The value of top-down design (in my opinion) is that it is the fastest way to limit or prune an effectively infinite search space. Whenever I imagine a video game, I can very quickly break that game down to its graph in the search space.

When I start designing or implementing a game bottom-up, I am starting at a single node or feature and attempting to find nearby nodes in the search space. The problem with solely relying on this approach is that it does very little to limit the search space. A purely bottom-up approach provides little pruning and it leaves nearly the entire search space open for you to consider. As I mentioned earlier, bottom-up design does offer some design feedback because you can discover nearby nodes in the search space. But those discoveries are not a suitable replacement for top-down design because they are unreliable and there is no guarantee they will provide a coherent design graph.

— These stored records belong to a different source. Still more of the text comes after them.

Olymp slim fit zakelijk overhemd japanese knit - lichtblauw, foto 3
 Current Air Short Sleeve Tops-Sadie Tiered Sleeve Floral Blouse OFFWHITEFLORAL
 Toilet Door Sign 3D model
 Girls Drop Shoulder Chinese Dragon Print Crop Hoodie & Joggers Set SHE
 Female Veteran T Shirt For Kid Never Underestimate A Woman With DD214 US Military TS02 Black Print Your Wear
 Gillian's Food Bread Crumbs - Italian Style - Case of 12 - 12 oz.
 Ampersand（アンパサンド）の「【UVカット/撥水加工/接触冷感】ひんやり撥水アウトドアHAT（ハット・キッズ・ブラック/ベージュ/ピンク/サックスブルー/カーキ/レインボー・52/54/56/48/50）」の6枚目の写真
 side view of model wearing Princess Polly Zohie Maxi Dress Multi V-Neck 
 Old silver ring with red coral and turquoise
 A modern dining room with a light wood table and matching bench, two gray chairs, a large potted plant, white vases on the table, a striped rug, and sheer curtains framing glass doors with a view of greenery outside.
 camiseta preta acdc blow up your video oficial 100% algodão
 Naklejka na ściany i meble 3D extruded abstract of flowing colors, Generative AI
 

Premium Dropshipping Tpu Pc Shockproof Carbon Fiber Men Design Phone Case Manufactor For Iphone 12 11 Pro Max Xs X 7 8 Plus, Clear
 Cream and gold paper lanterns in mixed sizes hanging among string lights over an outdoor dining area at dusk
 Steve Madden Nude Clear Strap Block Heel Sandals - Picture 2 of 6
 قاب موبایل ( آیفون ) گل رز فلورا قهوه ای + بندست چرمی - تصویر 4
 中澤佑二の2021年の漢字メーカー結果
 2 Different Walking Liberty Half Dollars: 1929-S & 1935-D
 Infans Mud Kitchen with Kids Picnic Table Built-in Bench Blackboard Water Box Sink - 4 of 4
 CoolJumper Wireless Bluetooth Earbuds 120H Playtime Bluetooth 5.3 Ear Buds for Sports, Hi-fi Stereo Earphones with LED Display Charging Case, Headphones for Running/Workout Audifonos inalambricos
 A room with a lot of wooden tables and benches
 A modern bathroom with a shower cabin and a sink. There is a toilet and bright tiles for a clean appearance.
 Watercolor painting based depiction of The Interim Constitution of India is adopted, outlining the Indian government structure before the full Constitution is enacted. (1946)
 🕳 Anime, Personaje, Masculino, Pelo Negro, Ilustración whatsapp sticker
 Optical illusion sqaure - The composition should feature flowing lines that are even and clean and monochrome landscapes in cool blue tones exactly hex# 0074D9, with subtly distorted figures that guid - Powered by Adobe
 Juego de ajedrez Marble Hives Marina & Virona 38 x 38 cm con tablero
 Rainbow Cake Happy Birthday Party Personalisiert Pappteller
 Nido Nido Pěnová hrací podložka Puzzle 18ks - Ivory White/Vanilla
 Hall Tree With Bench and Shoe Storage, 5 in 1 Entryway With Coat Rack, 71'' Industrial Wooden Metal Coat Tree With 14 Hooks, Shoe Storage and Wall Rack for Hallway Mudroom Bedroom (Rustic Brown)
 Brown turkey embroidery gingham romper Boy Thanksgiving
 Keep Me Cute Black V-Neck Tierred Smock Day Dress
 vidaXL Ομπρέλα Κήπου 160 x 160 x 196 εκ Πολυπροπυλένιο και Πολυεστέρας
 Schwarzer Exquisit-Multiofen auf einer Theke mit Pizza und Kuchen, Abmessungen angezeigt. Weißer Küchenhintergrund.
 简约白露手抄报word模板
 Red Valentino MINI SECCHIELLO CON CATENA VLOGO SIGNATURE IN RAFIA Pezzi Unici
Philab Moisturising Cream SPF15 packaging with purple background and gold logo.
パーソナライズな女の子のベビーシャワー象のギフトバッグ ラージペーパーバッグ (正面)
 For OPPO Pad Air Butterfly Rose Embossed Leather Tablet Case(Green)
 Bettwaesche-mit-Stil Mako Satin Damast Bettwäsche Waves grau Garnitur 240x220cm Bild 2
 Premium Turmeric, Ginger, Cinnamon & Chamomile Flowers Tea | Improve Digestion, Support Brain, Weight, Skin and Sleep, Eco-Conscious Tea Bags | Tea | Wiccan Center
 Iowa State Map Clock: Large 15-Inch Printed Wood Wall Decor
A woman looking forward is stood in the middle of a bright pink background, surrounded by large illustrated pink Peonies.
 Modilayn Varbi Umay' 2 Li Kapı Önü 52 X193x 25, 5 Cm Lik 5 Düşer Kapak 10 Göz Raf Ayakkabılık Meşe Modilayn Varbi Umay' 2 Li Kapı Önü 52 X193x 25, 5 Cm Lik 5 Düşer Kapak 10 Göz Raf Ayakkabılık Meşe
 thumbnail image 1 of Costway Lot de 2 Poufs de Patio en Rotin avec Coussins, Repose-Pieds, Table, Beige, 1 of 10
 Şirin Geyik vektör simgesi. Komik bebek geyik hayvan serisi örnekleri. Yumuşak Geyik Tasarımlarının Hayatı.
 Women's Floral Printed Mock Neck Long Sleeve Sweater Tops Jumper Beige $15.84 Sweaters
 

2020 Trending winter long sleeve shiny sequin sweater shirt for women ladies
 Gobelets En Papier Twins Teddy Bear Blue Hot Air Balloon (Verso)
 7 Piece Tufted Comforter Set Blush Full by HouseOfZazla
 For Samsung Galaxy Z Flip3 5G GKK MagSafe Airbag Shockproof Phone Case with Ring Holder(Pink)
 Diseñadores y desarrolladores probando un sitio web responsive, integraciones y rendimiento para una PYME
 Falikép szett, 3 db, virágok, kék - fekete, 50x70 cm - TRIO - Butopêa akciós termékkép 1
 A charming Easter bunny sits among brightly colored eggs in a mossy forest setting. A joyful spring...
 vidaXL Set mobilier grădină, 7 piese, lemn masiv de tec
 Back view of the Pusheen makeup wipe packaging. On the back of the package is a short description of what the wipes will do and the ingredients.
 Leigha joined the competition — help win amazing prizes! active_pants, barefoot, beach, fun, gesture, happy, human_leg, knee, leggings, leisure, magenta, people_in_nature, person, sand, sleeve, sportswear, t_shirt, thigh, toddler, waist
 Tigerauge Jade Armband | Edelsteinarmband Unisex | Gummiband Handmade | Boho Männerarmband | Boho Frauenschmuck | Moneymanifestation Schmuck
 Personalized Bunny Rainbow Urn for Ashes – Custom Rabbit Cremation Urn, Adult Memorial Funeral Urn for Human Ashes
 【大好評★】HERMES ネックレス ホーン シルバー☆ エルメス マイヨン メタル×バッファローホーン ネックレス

When I finish a node, there is a chance I will have not discovered any useful nodes nearby to work on next. Every time that happens, I am left to ponder the infinite search space, a task for which humans are not well suited. And even if I am discovering lots of nearby nodes to work on, there is no guarantee that I will end up with a coherent graph at the end of it all. I believe coherence in design comes from the top-down pruning process.

For the example graph I showed earlier, I have no idea what feature to work on next. This is because I do not actually have a high-level concept of what I want the game to look like. If I want to keep working on it, I need to take a step back and actually decide what game I would want to make. Then I would have a much smaller subset of the search space that I could easily work on. This concept sounds obvious, but I think it is extremely easy to slip into pure bottom-up design without realizing.

Conclusion#

Never traverse the infinite search space. Start with a top-down design to limit the search space, then you can use bottom-up design to implement features and provide feedback for your established design graph.